Genel olarak ikinci çeyreğe ilişkin performansı inceleyecek olursak özellikle talep tarafında ilk çeyreğe göre bir azalma olduğu görülmektedir. Grafik 3’de de görülebileceği gibi sanayi üretimi endeksi Nisan ve Mayıs aylarında ilk çeyreğe göre %0.4 artmış ve ivme kaybı yaşamıştır. Sanayi üretimi endeksindeki bu ivme kaybının temel nedeni ise salgın nedeniyle yurt içi talepte meydana gelen azalmadır. Öte yandan ikinci çeyrekte dış talebin sanayi üretimi endeksini artırdığı gözlemlenmiştir.
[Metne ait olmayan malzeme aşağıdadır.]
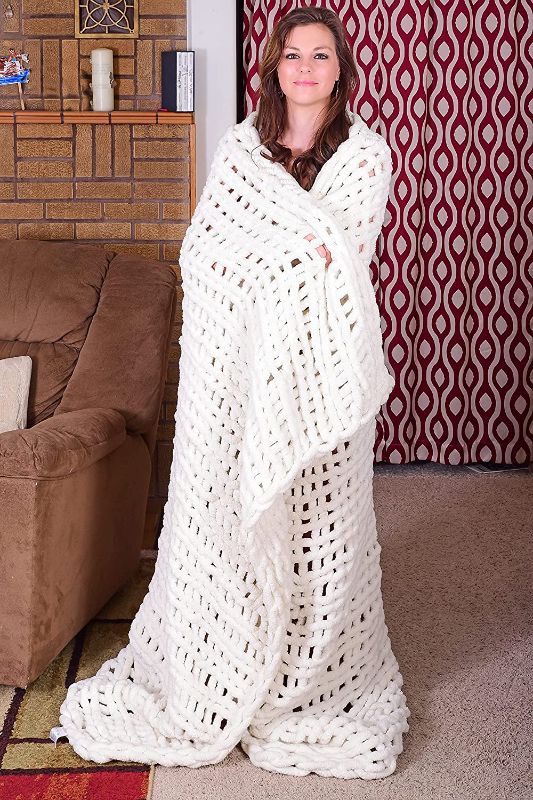 Photo 1 of Chunky Knit Blanket Throw Knot Blanket -50x60- White Handmade Soft Cozy Aesthetic Cable Knitted - Crochet Handwoven Home Decor - Weighted Throw Sofa, Couch, Bed, Bulky Houndstooth Boho Thick Yarn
Yine sanayinin alt sektörleri (2015=100) incelendiğinde, 2021 yılı Mayıs ayında madencilik ve taş ocakçılığı sektörü endeksinin bir önceki yılın aynı ayına göre yüzde 33,4, imalat sanayi sektörü endeksinin yüzde 42,8 ve elektrik, gaz, buhar ve iklimlendirme üretimi ve dağıtımı sektörü endeksinin yüzde 20,9 arttığı görülmüştür.

 

Kaynak: TÜİK (2021)

Grafik 4. Sanayi Üretimi Endeksi Yıllık Değişim Oranları (%)
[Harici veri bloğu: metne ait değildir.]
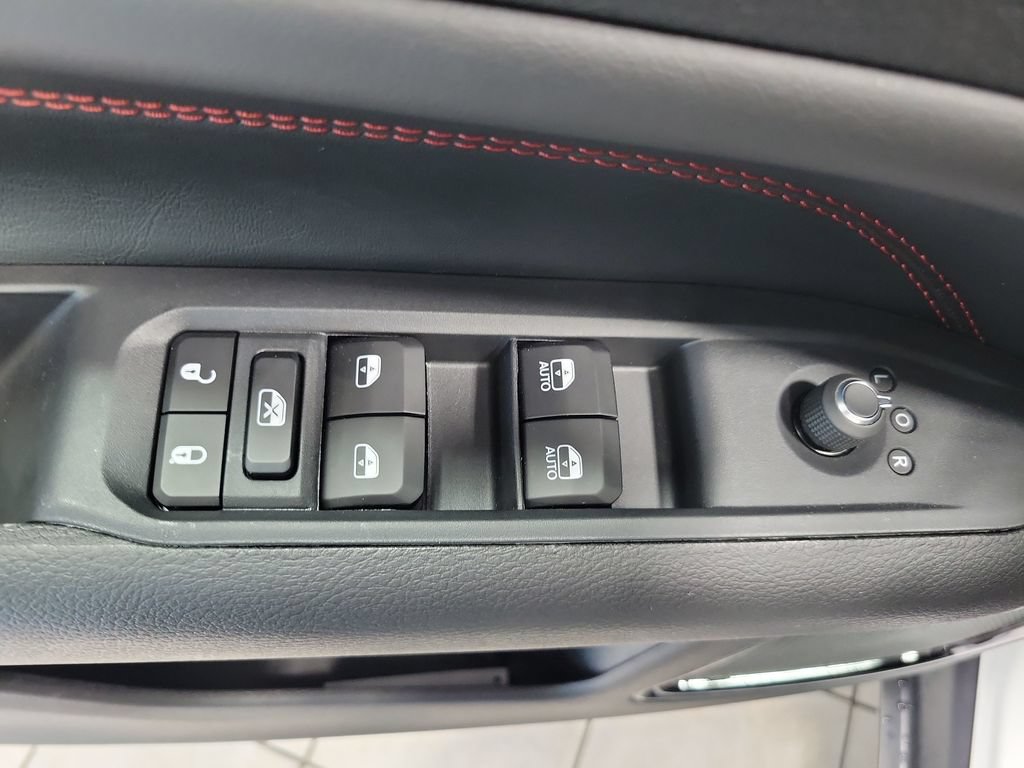 New 2026 Jeep Compass Trailhawk AWD/4WD image 25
Bu kez Grafik-4’de yer alan ikinci çeyreğe ilişkin ekonomik büyümenin öncü göstergelerinden olan kapasite kullanım oranına baktığımızda ise ilk yarının ikinci çeyreğinde artmaya devam ettiğini görüyoruz. Hatta öyle ki neredeyse pandemi öncesi döneme yaklaştığı görülmüştür. Tedarik zincirindeki aksamalar nedeniyle özellikle otomotiv sektörü ve aynı zamanda fabrikalardaki tatiller nedeniyle de yatırım mallarında kapasite kullanım oranının belirgin bir biçimde düştüğü görülmektedir. İkinci çeyrek için otomotiv sektörü ve yatırım malları dışında imalat sanayinin performansının güçlü olduğu söylenebilir.

 

Kaynak: TCMB (2021)

Grafik 5. Kapasite Kullanım Oranları (%)

İkinci çeyrek için genel bir değerlendirme yapacak olursak aşılama hızındaki ilerleme ve özellikle Haziran ayından itibaren kademeli normalleşmeye geçiş ile birlikte ekonomik büyümenin de toparlandığı söylenebilir. İkinci çeyrekte kısıtlamaların kaldırılması ile birlikte ekonominin talep tarafındaki harcamalardaki artış hayli dikkat çekici olmuştur. Tüm bu anlatılanlar göz önüne alındığında ikinci çeyrekte yıllık büyümenin baz etkisi nedeniyle yüzde 20’nin üzerinde gerçekleşeceği tahmin edilmektedir.